Todos à espera que João Gilberto abra a porta de casa
Passou pouco mais de uma semana desde que um tribunal do Rio de Janeiro autorizou a entrada forçada no apartamento do músico João Gilberto, a pedido da sua filha, Bebel Gilberto. Mas até agora ainda nada aconteceu. O músico de 86 anos, o pai da Bossa Nova, que será para sempre lembrado como a voz de temas incontornáveis como Chega de Saudade, em parceria com Tom Jobim e Vinicius de Moraes, continua em casa e a família continua trocando acusações públicas sobre o seu estado de saúde e também sobre a saúde das suas finanças.
Afastado dos holofotes nos últimos anos, de acordo com a imprensa brasileira, o artista está doente, debilitado, e vive recluso, por vontade própria, num apartamento alugado no Rio de Janeiro. João Gilberto mora sozinho e não é visto fora de casa há muitos anos, nem pelos vizinhos do prédio, na rua Carlos Góis, no bairro de Ipanema. E está falido.
Em novembro passado, João Gilberto foi interditado judicialmente pela filha Bebel devido aos muitos problemas financeiros que enfrenta. Mas para que Bebel Gilberto possa ser a representante legal do pai definitivamente - ou seja, para que possa tomar todas as decisões relativamente a património, contratos, finanças e legado artístico -, é necessário que o cantor passe por uma perícia médica para determinar seu estado de saúde. Houve, pelo menos, cinco tentativas de notificar o artista, mas ele sempre se recusou a abrir a porta. Até que na semana passada, a filha de Miúcha conseguiu a autorização da justiça para arrombar a casa do músico e levá-lo a fazer exames médicos.

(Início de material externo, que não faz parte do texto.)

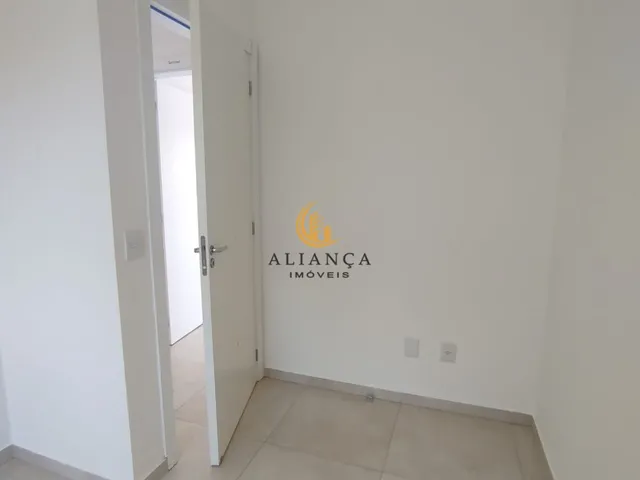 Imagem 3: Sobrado com 2 Dormitórios e Quintal em Potecas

"Espero que não seja internado. A situação é difícil, ele é muito fechado, tem 86 anos e algumas questões de saúde. Está muito magrinho. A Bebel está tentando de tudo por ele. Todos queremos que o João se trate. Ele foge de médico como o diabo da cruz. Se a gente marcar, ele desmarca 30 vezes", afirmou a ex-mulher, Miúcha, garantindo ainda que a situação não é tão má quanto alguma imprensa quer fazer crer: "Ele está cantando e tocando lindamente. É impressionante, mesmo com a idade."
A interdição do cantor foi pedida porque "João já vem apresentando, há alguns anos, um quadro confusional, que não permite a ele compreender com clareza e exatidão os atos jurídicos que lhe são solicitados por terceiros, resultando numa situação atual de absoluta penúria financeira, apesar de ser titular de direitos autorais que deveriam lhe garantir mais que sua subsistência por toda a sua vida", diz o comunicado divulgado por Bebel, através da sua advogada, Simone Kamenetz.
No entanto, a história não é assim tão simples.
Filhos e ex-companheiras de João Gilberto lutam pelo poder de controlar o património de João Gilberto. De um lado do conflito está Claudia Faissol, ex-companheira do músico; e, do outro, os dois filhos mais velhos do compositor, João Marcelo e Bebel. Os filhos acusam Claudia de administrar de forma incompetente os negócios do artista, função que ela cumpriu durante mais de uma década. Mas a situação não melhorou com o afastamento de Claudia, sendo substituída por Maria do Céu Harris, outra ex-companheira do músico.
Um dos deslizes ocorreu em 2011: quando completou 80 anos, João Gilberto anunciou que faria espetáculos comemorativos pelo Brasil. Mas os concertos foram cancelados por motivos de saúde e a Justiça ordenou que ele pagasse 1,2 milhões de reais de multa à produção. Outro erro foi cometido, segundo João Marcelo e Bebel, em 2013, com a entrega de 60% dos direitos sobre os quatro primeiros discos do cantor ao banco Opportunity. Esta terá sido, segundo Claudia, uma maneira de minorar os problemas financeiros de João Gilberto. Mas João Marcelo acusou-a de fazer um negócio por fora com o banco, recebendo de 5% a 10% do valor negociado. "Ela é uma criminosa e continua a roubar do meu pai", dizia João Marcelo, em julho do ano passado. "Se as finanças do meu pai não estivessem um circo, ele estaria cheio de dinheiro."
Entretanto, os dois irmãos também já se desentenderam. Numa longa publicação no Facebook, em inglês (ele vive nos Estados Unidos), Marcelo criticou Bebel: "Meu pai foi efetivamente sequestrado e alienado de mim e da minha família direta. Eu não fui informado, aconselhado, consultado ou sequer tinha conhecimento das maquinações legais ou físicas que minha irmã tomou", escreveu, antes de finalizar: "Desculpa, pai, eu não consegui manter os abutres longe de você."